— Ты знаешь, Клавка, твой моряк плавает по каютам турбоэлектрохода «Маныч» — это где бичи наши отираются.
Клава захохотала, вольно открыв большой рот, не отрывая глаз от Сани, будто меня не было. Саня с ней шутил — она ему смеялась.
— Последний раз, если не ошибаюсь, этот парень мерил носом глубину в моей каюте. За окурками нырял, вроде того… А может, наш мальчик за заграничными шмутками плавал?
У Клавы от смеха начало что-то взрываться в груди. Проходящие парочки смотрели на нее с испугом.
— Что тебе нужно? — сказал я Сане. — Скажи, что тебе нужно?
— Мне что-то нужно? — удивился Саня. — Клавка, что мне от него нужно?
Клавка, уткнувшись лицом в сумочку, тряслась.
Саня вдруг сделал скучающее лицо, положил Клаве на плечо руку и сказал:
— А вообще-то, мне от тебя кое-что нужно.
— Ну?
— Мальчик, тебя действительно еще учить да учить… Разве серьезные дела при народе проворачивают? Удалиться необходимо.

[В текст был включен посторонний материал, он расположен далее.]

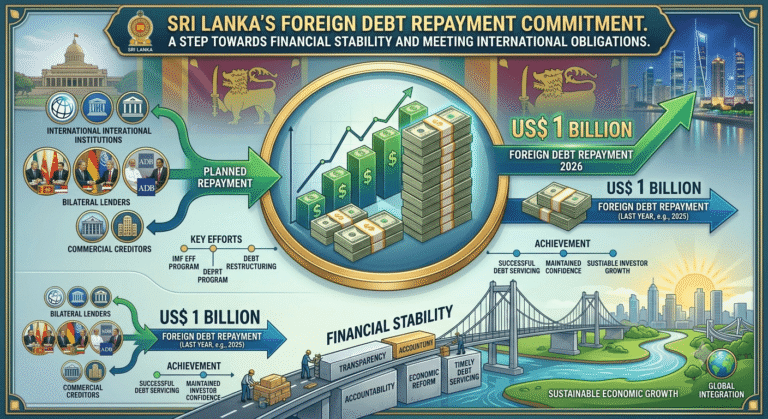 Sri Lanka plans to repay US$1 billion in foreign debt this year as government revenue exceeds targets through Inland Revenue, Customs and Excise collections.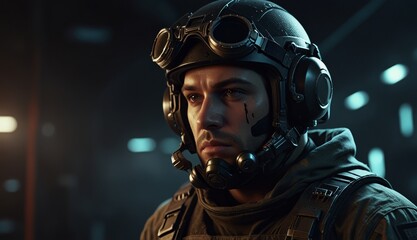 Futuristic Soldier Portrait in Helmet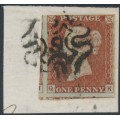 GREAT BRITAIN - 1843 1d red-brown QV, plate 34, QK, '9' Maltese cross cancel – SG # 8ui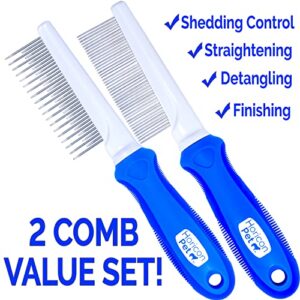 Horicon Pet Detangling and Grooming Dog Comb Set for Dogs, Cats, Small Animals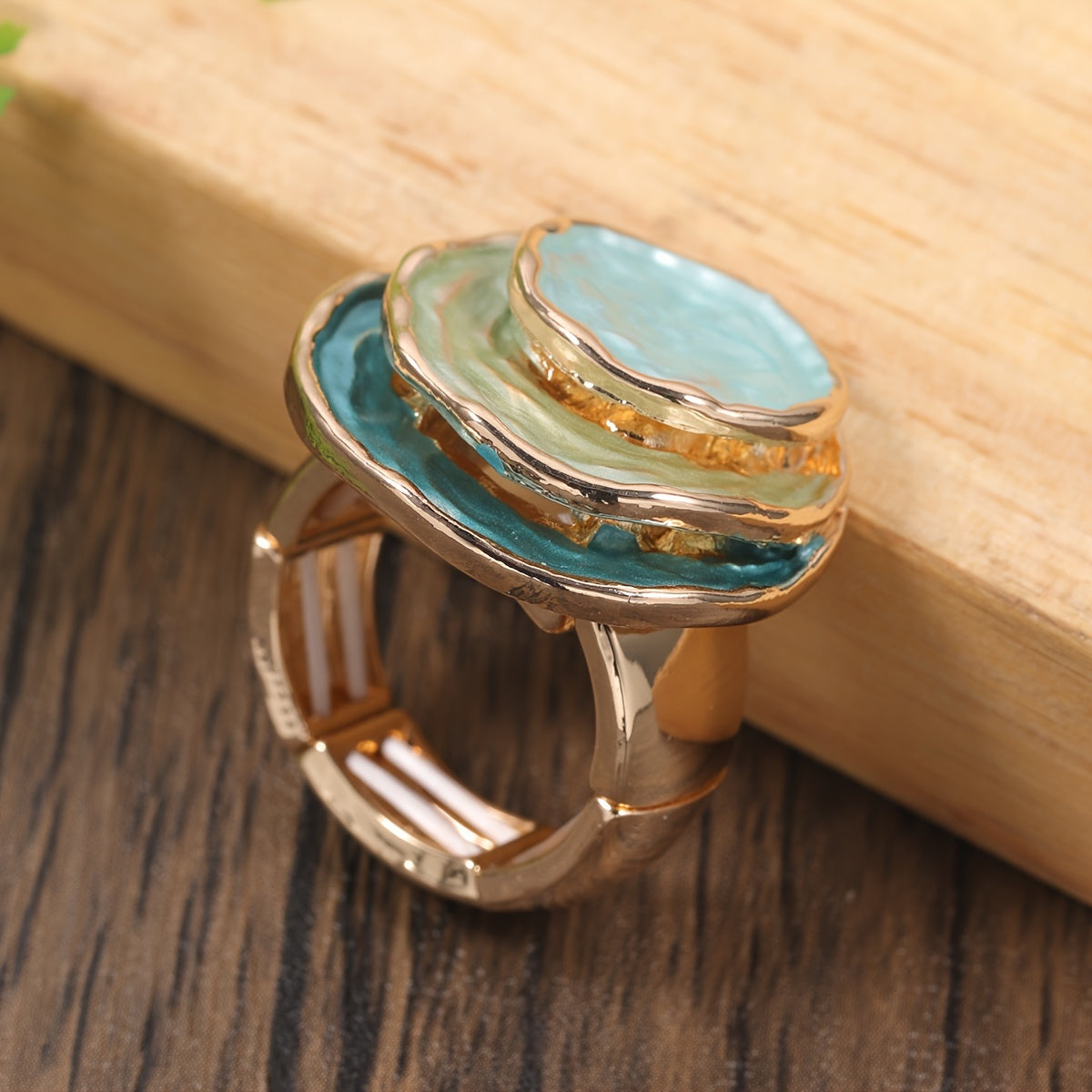 Boho-Ring dreischichtig emailliert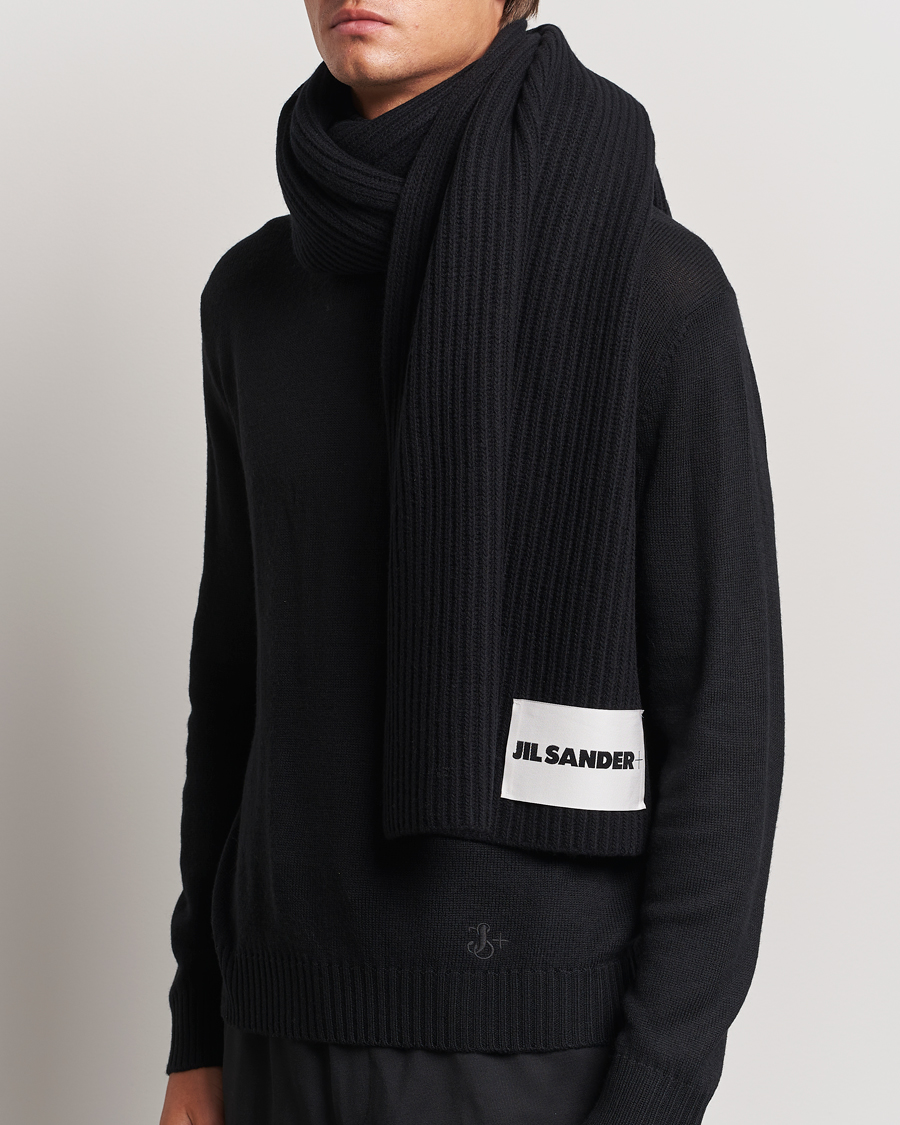 Mies | Jil Sander Merino Wool Rib Scarf Black | Jil Sander | Merino Wool Rib Scarf Black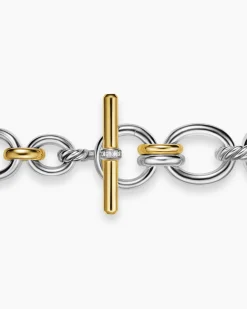 DY Mercer® Chain Bracelet Sterling Silver with 18K Yellow Gold and Diamonds, 8mm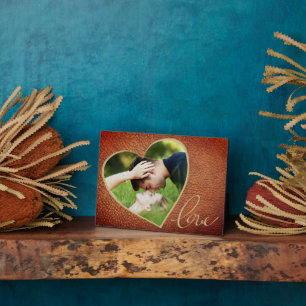 Heart Leather Print Love Valentine`s Day Photo Plaque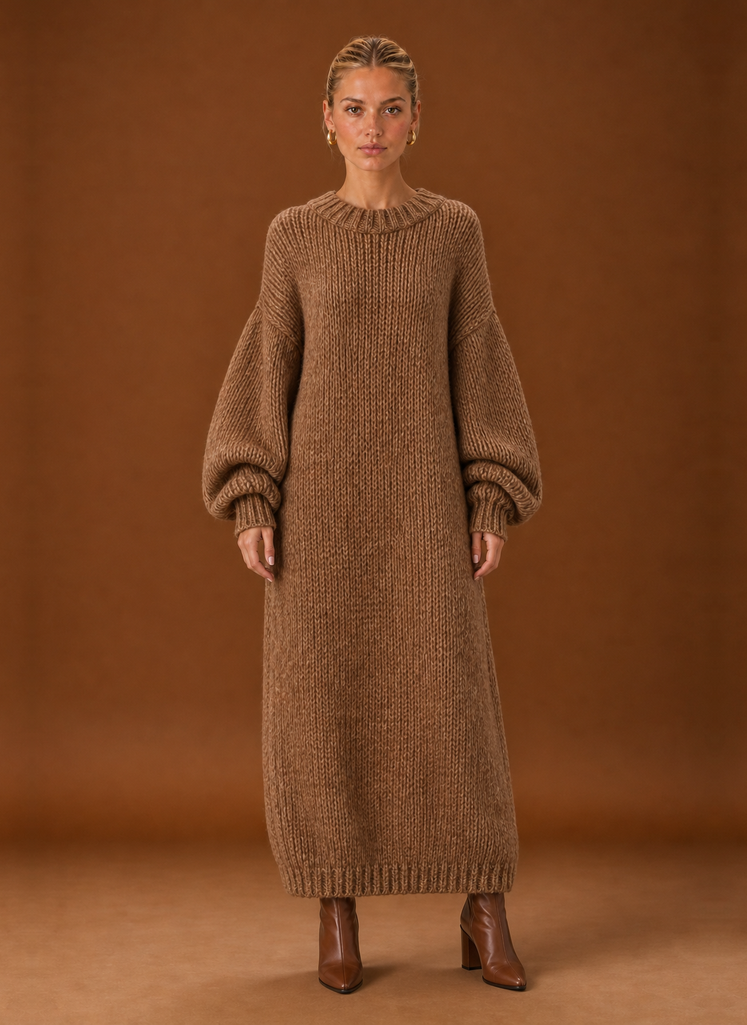 Women's Oversized Chunky Knit Maxi Sweater Dress with Balloon Sleeves – Brown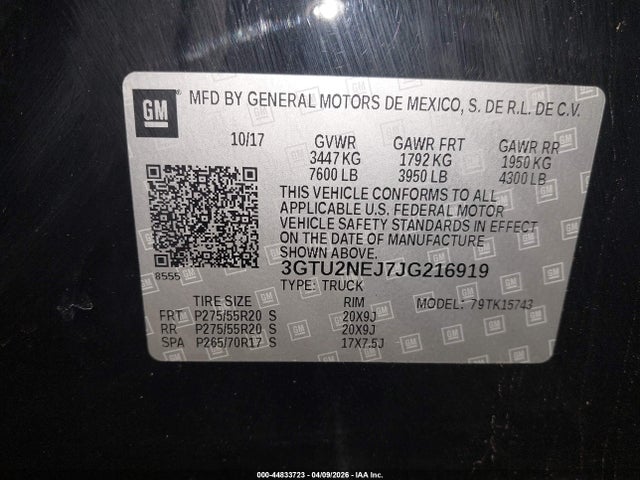 Продаж на аукціоні авто 2018 Gmc Sierra 1500 Slt, vin: 3GTU2NEJ7JG216919, номер лоту: 44833723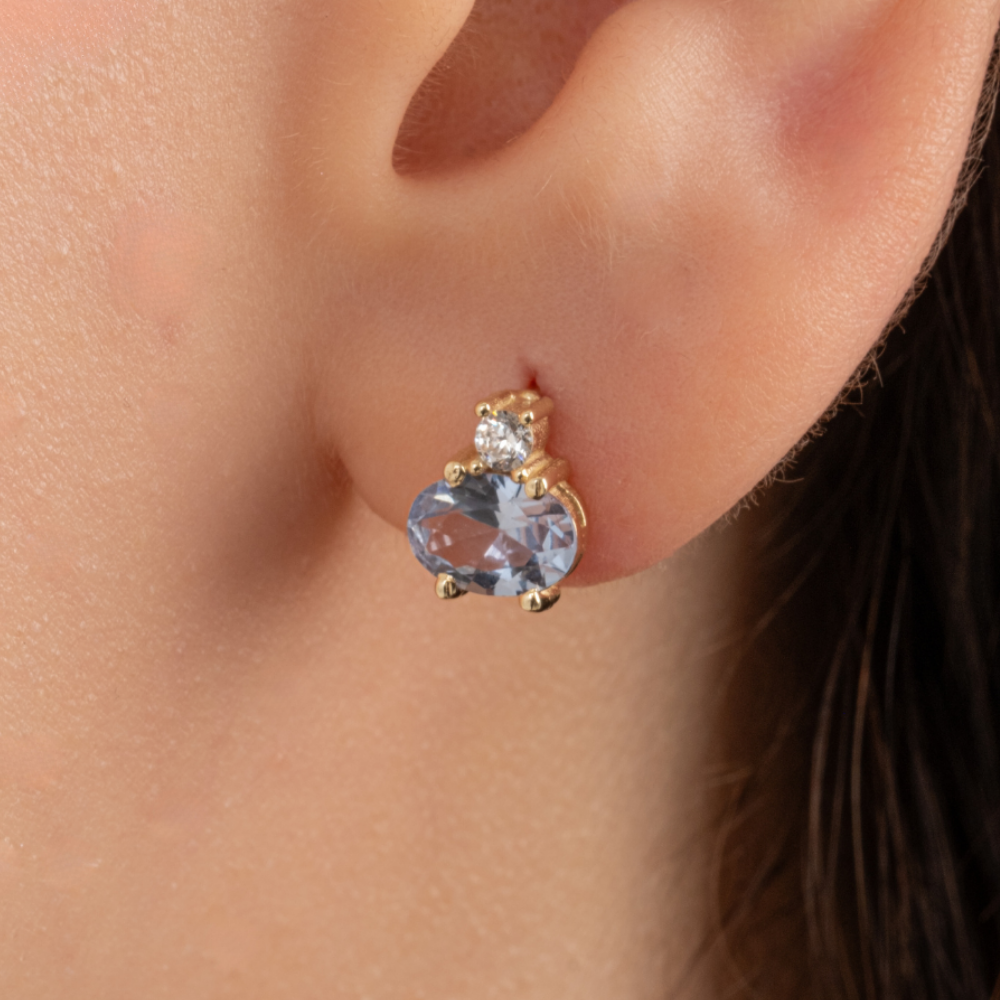 FasekGoldGÜMÜŞ925 Ayar Gümüş Oval Blue Topaz Taşlı Tektaş Küpe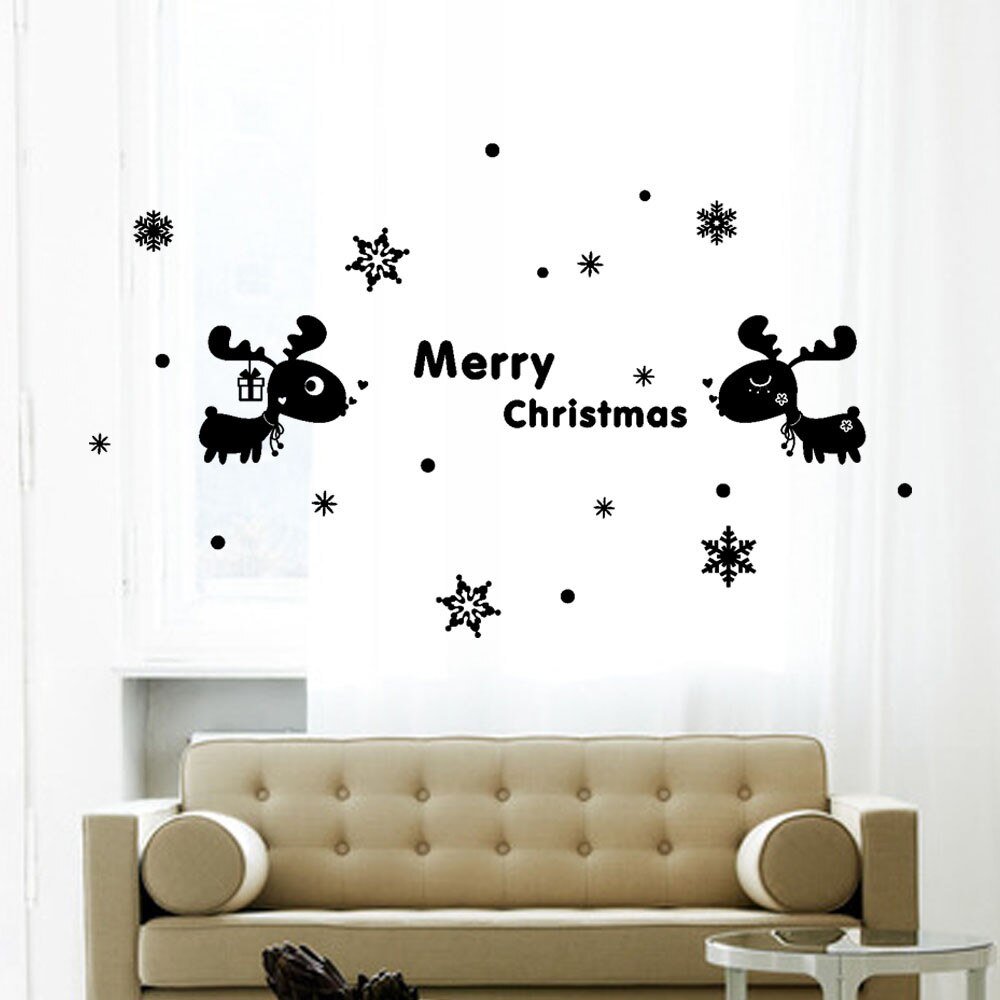 Year White deer Window Stickers Christmas Wall Stickers Snow Christmas Decoration Bedroom PVC electrosta Wallpaper stickers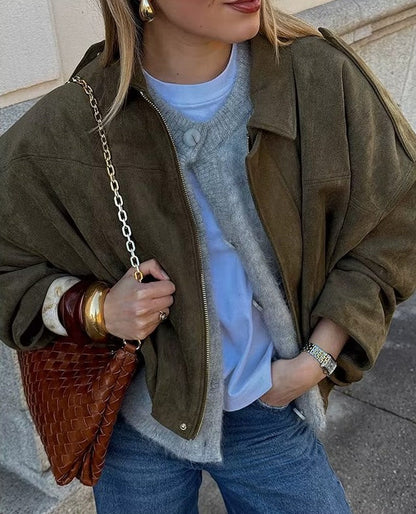 Dames Oversized Bomberjack – Losvallend Suède Look Jasje met Kraag
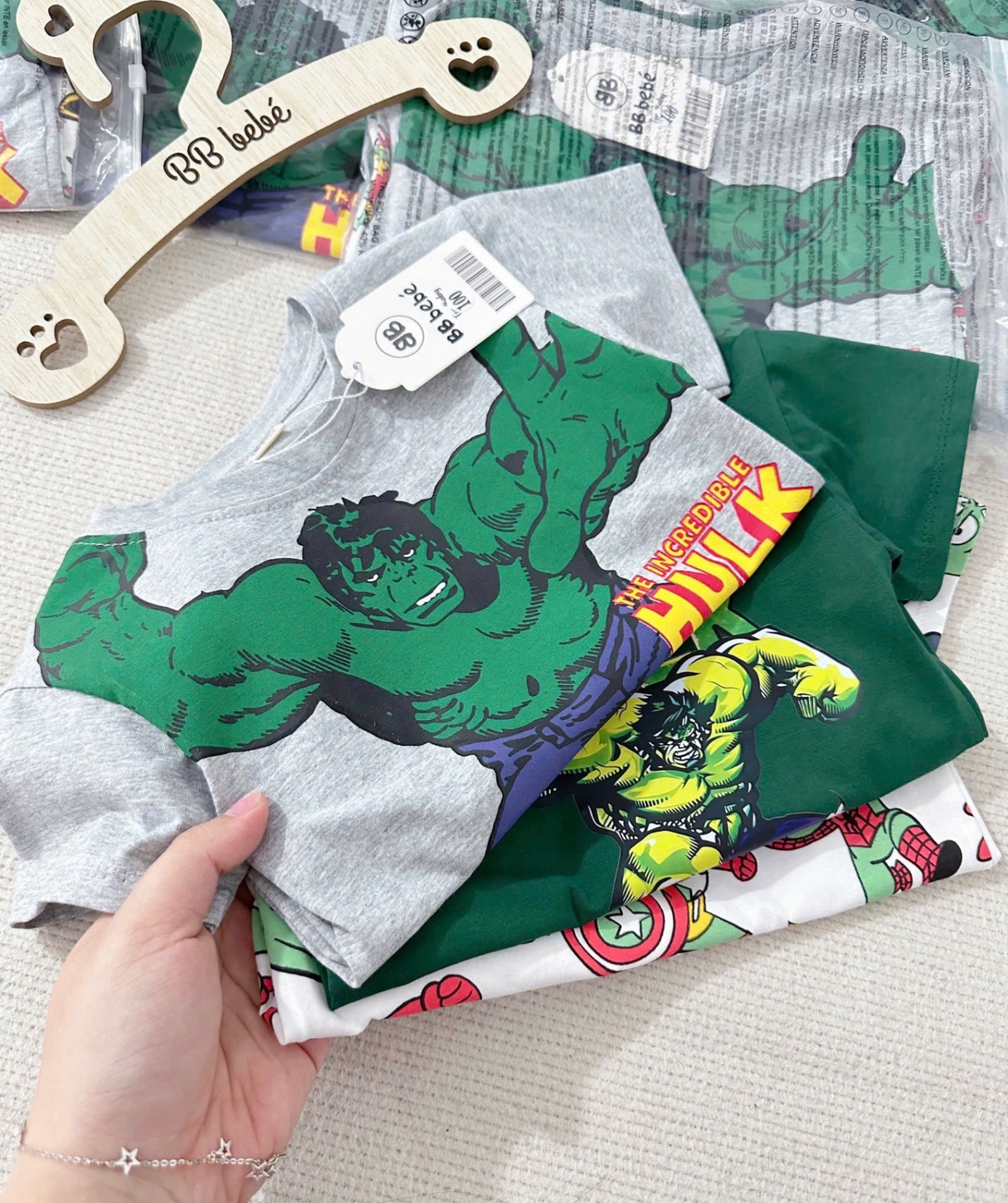 AB672 - SET 3 ÁO BÉ TRAI CỘC TAY HULK rêu ghi trắng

Я оглянулся. Колька с Олей сидели в стороне на скамеечке и, не поднимая головы, о чем-то шушукались.
— Кореша своего не буди. Без него управимся.
Я вдруг заметил у него на правой руке перстень с крупным красным камнем, в котором вспыхивали и тотчас гасли мгновенные огоньки, от которых вдруг стало больно глазам, и я их на мгновение прикрыл. Весь жар и бешенство, что собралось в голове за эти несколько минут, как появился Саня, провалились вниз, растаяли, язык стал сух и горяч. Мне стало страшно. Я почувствовал, как непроизвольно меняется выражение моего лица. Что-то жалкое и беспомощное выдавило на нем лихорадочно застучавшее сердце, в памяти осколком мелькнуло событие детства, когда я звал на помощь Юрку. Я понял, что и сейчас мысленно шепчу его имя. И больно и стыдно. Я знаю, он уже не прибежит, как тогда, и страх мой хватается за самое последнее, что осталось, — за память.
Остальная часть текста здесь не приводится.